Tendances Première

Expérience vécue : les ventes publiques, pas toujours de tout repos. Mais rarement une bonne solution

© boonchai wedmakawand / Getty Images

Marc Van Beneden, notaire, aborde la question des ventes publiques. Il le fait à travers une expérience vécue. Récit d'une expérience malheureuse, d'un accident de la vie. Des ventes publiques qui, bien souvent, pourraient être évitées. 

Un scénario hollywoodien 

En 2012, je lis dans un article de presse, qu’ un notaire bruxellois a reçu un coup de poing au moment où il s’apprêtait à adjuger 2 biens immeubles dans le cadre d’une vente publique sur saisie.

Ce notaire a évité d’autres coups grâce à une fuite éperdue : il a juste eu le temps de s’enfermer dans un local situé à côté de la salle de vente. Le saisi accompagné de sa famille a brisé la vitre et la porte de ce local… Heureusement, grâce à l’intervention de la police, le forcené et sa famille ont été maîtrisés.

En 2014, je suis contacté par l’avocate de la banque qui avait procédé à la saisie de ces immeubles. Elle me demande si je suis disposé à poursuivre la mission de mon Confrère.
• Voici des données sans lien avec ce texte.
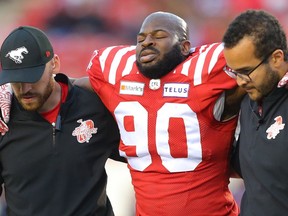 Calgary Stampeders Folarin Orimolade is helped off the field during a game against Montreal Alouettes in CFL football in Calgary on Friday, August 20, 2021. AL CHAREST / POSTMEDIA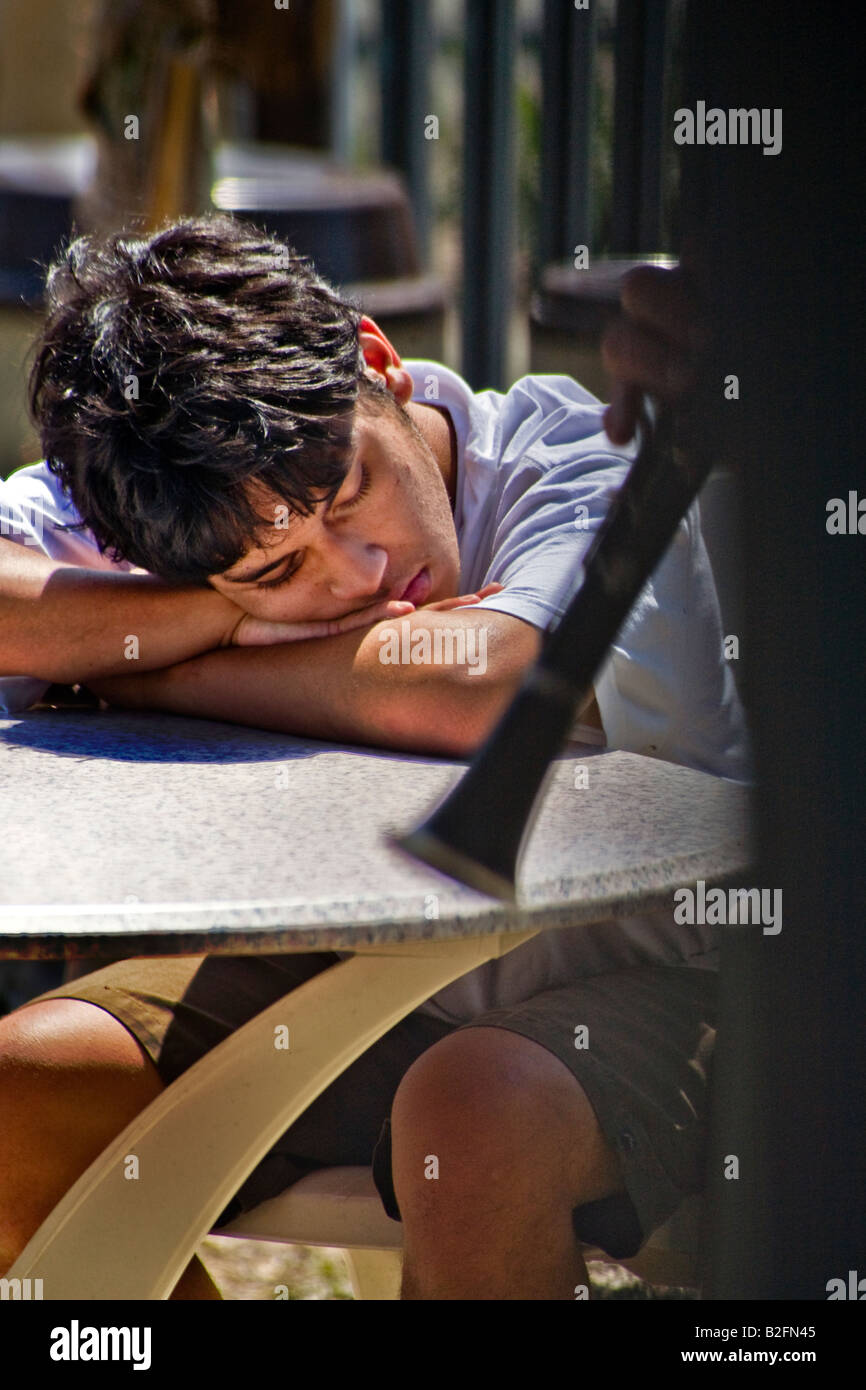 A young Hispanic man listens intently to Le Jazz Hot music at outdoor band performsnce in Coronado CA Note clarinet foreground Stock Photo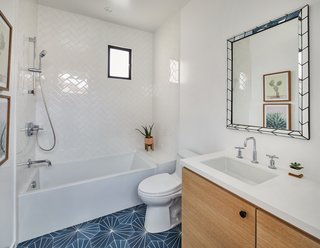 One of the bathrooms on the second floor contrasts crisp white tile on the walls with geometric blue tile on the floor.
J’accepte sans trop réfléchir… 

Les accidents de la vie

Je convoque les saisis et ils me racontent leur histoire. J’imaginais, à l’époque, que la meilleure des solutions c’était cela : les rencontrer, leur parler, comprendre. Ils étaient respectivement propriétaires des 2 immeubles saisis : le fils, propriétaire d’un des immeubles, avait contracté un crédit pour l’acheter ; la maman avait affecté son immeuble en garantie du crédit du fils.

Malheureusement, le fils, ayant perdu son emploi et malade, n’a pu poursuivre le remboursement du crédit. La famille s’est donc retrouvée dans une situation compliquée.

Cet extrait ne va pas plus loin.